Gazze’de 366. Gün Şehit Sayısı 41 Bin 870'e Yükseldi

Katil İsrail güçlerinin, Gazze Şeridi'ne 7 Ekim 2023'ten bu yana düzenlediği saldırılarda hayatını kaybedenlerin sayısı son 24 saatte 45 artarak 41 bin 870'e çıktı.

Gazze'deki Sağlık Bakanlığından yapılan açıklamada, katil İsrail'in Gazze Şeridi'ne 366 gündür sürdürdüğü saldırılara ilişkin bilgi verildi.

Katil İsrail güçlerinin son 24 saatte Gazze Şeridi'nin çeşitli bölgelerinde gerçekleştirdiği "3 katliamda" 45 kişinin öldüğü, 256 kişinin yaralandığı belirtildi.

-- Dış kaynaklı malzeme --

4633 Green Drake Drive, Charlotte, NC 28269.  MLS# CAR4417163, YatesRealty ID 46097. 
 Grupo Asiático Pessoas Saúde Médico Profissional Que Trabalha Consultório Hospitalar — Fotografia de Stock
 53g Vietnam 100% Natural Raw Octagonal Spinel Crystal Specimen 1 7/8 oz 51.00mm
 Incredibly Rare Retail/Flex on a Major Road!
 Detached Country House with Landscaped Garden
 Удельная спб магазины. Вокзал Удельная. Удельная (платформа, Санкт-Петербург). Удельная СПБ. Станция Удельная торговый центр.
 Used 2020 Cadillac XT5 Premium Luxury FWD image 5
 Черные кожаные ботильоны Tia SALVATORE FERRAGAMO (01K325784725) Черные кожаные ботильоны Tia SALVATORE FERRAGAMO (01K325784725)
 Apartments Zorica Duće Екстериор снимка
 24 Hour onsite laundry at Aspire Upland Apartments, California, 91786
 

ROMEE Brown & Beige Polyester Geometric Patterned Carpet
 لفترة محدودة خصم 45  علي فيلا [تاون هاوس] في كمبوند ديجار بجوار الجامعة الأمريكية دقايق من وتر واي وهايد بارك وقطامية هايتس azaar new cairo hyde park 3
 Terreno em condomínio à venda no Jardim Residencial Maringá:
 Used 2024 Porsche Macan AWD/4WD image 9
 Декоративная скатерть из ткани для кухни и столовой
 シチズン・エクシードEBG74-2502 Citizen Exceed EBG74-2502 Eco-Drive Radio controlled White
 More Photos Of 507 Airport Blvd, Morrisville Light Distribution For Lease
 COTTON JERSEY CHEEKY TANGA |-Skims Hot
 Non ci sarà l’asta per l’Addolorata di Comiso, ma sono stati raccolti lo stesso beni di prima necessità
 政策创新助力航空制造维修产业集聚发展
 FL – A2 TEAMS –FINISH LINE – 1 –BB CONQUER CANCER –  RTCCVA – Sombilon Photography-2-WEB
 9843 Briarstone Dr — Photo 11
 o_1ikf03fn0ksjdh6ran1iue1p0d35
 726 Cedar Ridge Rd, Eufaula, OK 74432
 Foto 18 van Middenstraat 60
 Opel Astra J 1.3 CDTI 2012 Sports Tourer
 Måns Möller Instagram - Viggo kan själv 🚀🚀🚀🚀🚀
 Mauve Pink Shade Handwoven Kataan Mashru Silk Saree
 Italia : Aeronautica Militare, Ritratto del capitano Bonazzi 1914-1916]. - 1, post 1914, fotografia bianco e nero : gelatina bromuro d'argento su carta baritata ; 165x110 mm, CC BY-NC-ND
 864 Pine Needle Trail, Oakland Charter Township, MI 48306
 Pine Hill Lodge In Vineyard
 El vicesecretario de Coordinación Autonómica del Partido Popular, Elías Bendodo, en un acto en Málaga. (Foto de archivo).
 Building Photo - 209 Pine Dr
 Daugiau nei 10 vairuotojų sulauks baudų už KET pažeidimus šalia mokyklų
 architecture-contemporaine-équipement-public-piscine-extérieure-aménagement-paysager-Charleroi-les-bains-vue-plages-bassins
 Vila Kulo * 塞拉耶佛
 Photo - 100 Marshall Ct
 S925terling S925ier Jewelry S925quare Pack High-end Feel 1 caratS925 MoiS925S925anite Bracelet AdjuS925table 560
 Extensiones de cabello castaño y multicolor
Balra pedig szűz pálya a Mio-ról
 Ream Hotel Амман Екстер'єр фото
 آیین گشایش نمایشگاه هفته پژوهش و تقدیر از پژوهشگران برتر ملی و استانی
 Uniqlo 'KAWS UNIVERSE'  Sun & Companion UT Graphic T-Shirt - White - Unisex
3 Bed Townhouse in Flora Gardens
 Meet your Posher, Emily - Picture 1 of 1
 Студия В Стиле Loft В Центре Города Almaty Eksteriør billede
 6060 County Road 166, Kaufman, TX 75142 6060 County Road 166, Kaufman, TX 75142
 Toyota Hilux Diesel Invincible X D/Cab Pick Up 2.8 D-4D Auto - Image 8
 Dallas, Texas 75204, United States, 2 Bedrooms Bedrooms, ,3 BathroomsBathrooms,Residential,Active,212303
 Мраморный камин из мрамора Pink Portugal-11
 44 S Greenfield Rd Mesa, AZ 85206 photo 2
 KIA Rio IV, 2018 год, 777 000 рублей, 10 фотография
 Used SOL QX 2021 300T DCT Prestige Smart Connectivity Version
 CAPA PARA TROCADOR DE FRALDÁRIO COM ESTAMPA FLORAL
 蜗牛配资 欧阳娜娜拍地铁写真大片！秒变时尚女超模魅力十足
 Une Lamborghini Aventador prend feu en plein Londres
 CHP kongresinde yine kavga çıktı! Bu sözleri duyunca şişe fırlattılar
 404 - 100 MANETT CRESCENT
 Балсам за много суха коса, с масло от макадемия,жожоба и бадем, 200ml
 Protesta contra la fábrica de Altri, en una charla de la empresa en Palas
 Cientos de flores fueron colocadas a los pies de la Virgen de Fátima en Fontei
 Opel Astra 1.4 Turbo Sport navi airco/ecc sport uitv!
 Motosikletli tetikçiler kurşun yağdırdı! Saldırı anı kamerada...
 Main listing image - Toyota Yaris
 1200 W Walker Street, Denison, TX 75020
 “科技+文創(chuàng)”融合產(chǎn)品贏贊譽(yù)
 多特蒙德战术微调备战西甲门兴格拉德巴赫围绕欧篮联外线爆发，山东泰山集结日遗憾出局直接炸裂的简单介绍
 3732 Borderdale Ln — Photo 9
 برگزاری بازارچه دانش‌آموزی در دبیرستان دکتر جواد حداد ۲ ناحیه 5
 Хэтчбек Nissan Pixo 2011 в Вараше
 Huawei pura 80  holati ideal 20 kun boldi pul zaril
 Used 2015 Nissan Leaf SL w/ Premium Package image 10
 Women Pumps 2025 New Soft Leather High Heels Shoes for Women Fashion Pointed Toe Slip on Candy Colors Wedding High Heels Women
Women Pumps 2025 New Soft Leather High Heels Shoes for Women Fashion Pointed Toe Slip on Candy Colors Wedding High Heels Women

Katil İsrail'in 7 Ekim'den bu yana Gazze Şeridi'ne düzenlediği saldırılarda yaşamını yitirenlerin sayısının 41 bin 870'e, yaralı sayısının 97 bin 166'ya yükseldiği kaydedildi.

Katil İsrail’in Gazze’nin kuzeyine yeniden başlattığı şiddetli saldırılarda 30 Filistinli yaşamını yitirdi

Hastane kaynaklarından alınan bilgiye göre, katil İsrail güçlerinin Cibaliya ve Beyt Lahiya beldelerine düzenlediği saldırılarda hayatını kaybeden 30 Filistinlinin cenazesi ile onlarca yaralı Gazze Şeridi’nin kuzeyindeki hastanelere nakledildi.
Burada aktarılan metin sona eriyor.